LogisticRegression(max_iter=1000, random_state=42, solver='liblinear')

In [33]:
y_pred = model.predict_proba(X_val)[:,1]

In [34]:
price_decision = (y_pred >= 0.50)

In [35]:
model_accuracy = (y_val == price_decision).mean()
model_accuracy

0.8372093023255814

## Question 5

- Let's find the least useful feature using the feature elimination technique.
- Train a model with all these features (using the same parameters as in Q4).
- Now exclude each feature from this set and train a model without it.

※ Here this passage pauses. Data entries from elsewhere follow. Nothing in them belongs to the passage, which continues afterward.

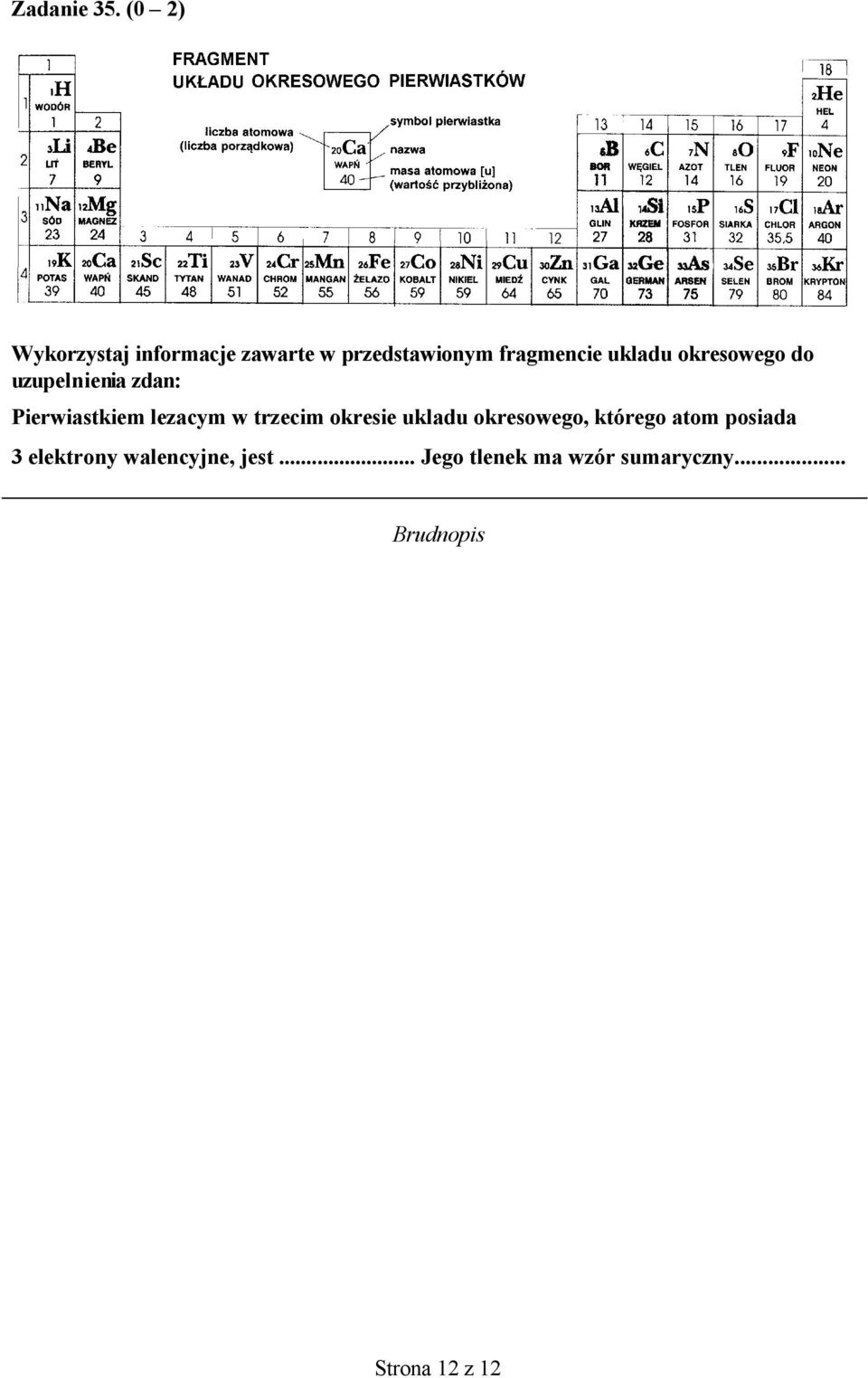 okresowego do uzupelnienia zdan: Pierwiastkiem lezacym w trzecim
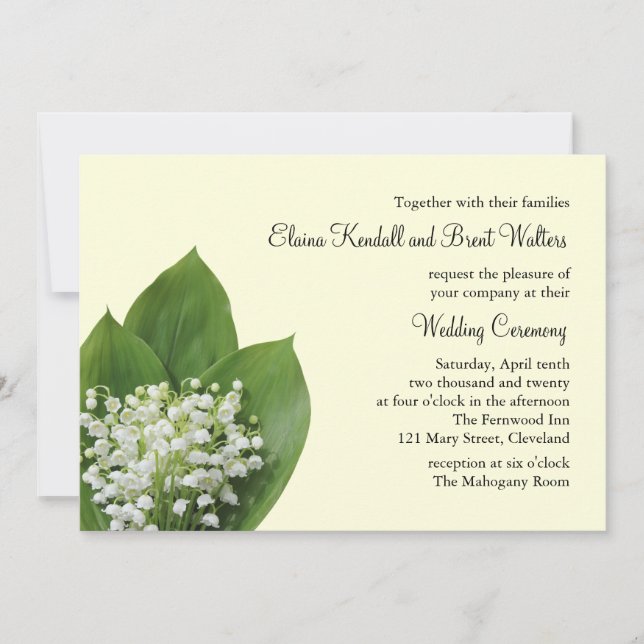 Lily of the Valley Faire-part de mariage (ivoire) (Devant)
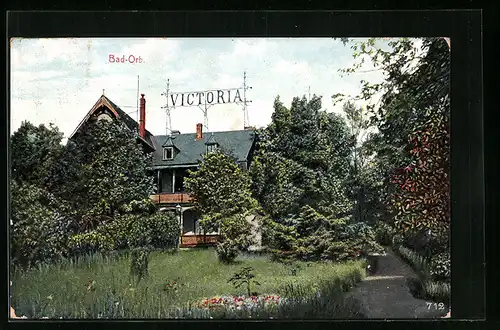 AK Bad Orb, Pension Victoria im Grünen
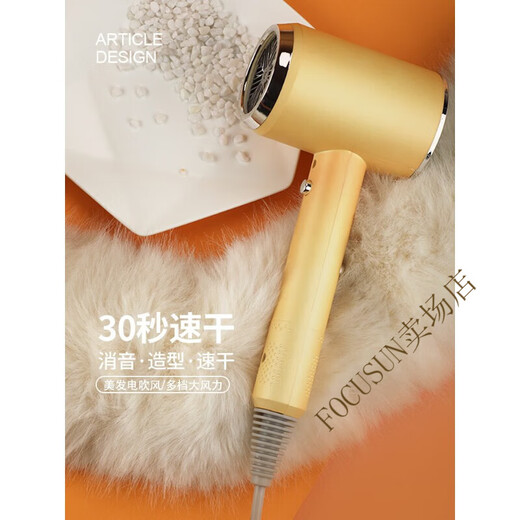 FOCUSUN hair dryer, high-power hair dryer for hair salons, household strong wind, quiet bass, negative ions that do not hurt your hair, hair dryer, barber shop blue light hair dryer, constant temperature, blue light negative ions (starry sky gray)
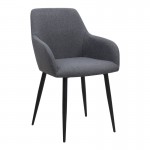 Πολυθρόνα τραπεζαρίας Monica Megapap γκρι ύφασμα - μεταλλικό μαύρο πόδι 54x57x84εκ.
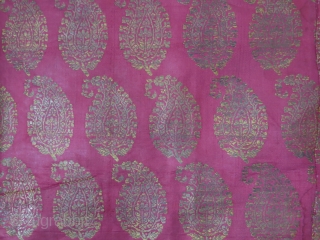 Isfahan / Kerman brocade silk hanging. recycled form old fragments. Size : 26" X 25" -- 66 cm X 64 cm            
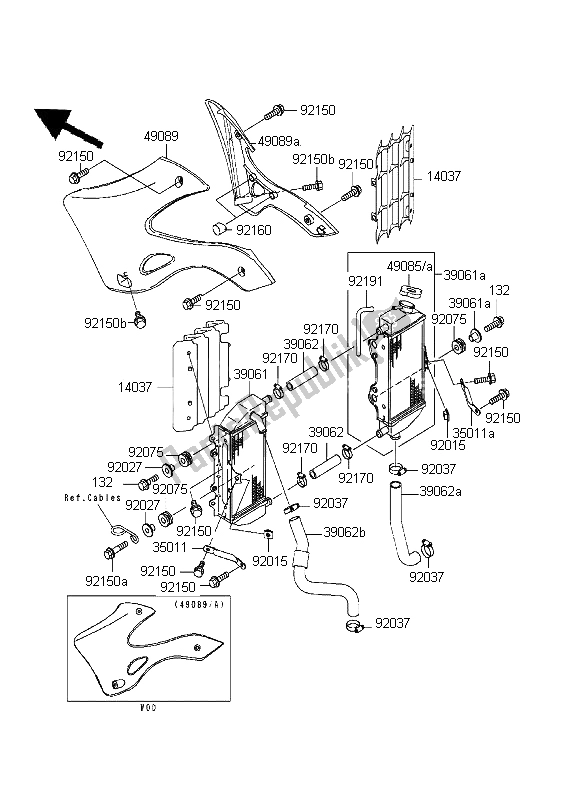 Alle onderdelen voor de Radiator van de Kawasaki KX 250 1999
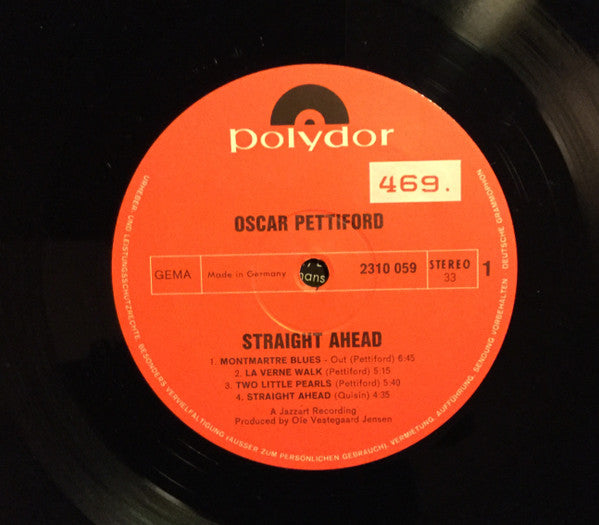 Oscar Pettiford – Straight Ahead LP vinyl record, image 3 of 4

Record the accuracy for each model.
- For each feature, calculate the difference between the original accuracy and the accuracy without the feature.

In [36]:
useful_feature = ['total_rooms', 'total_bedrooms', 'population', 'households']
train_dicts_or = df_train[useful_feature].to_dict(orient='records')
dv_or = DictVectorizer(sparse=False)
X_train_or = dv.fit_transform(train_dicts_or)
val_dicts_or = df_val[useful_feature].to_dict(orient='records')
X_val_or = dv.transform(val_dicts_or)
model_or = LogisticRegression(solver='liblinear', C=1.0, max_iter=1000, random_state=42)
model_or.fit(X_train_or, y_train)
y_pred_or = model_or.predict_proba(X_val_or)[:,1]
price_decision_or = (y_pred_or >= 0.50)
model_accuracy_or = (y_val == price_decision_or).mean()
model_accuracy_or

0.7095445736434108

In [37]:
useful_feature = ['total_rooms', 'total_bedrooms', 'population', 'households']
feature_dict = {}
for f in useful_feature:
    feat_c = feat.copy()
    feat_c.remove(f)
    train_dicts_q5 = df_train[feat_c].to_dict(orient='records')
    dv_q5 = DictVectorizer(sparse=False)
    X_train_q5 = dv.fit_transform(train_dicts_q5)
    val_dicts_q5 = df_val[feat_c].to_dict(orient='records')
    X_val_q5 = dv.transform(val_dicts_q5)
    model_q5 = LogisticRegression(solver='liblinear', C=1.0, max_iter=1000, random_state=42)
    model_q5.fit(X_train_q5, y_train)
    y_pred_q5 = model_q5.predict_proba(X_val_q5)[:,1]
    price_decision_q5 = (y_pred_q5 >= 0.50)
    model_accuracy_q5 = (y_val == price_decision_q5).mean()
    feature_dict[f] = abs(model_accuracy_or - model_accuracy_q5)
    print('The feature', f,'has a difference of', abs(model_accuracy_or - model_accuracy_q5))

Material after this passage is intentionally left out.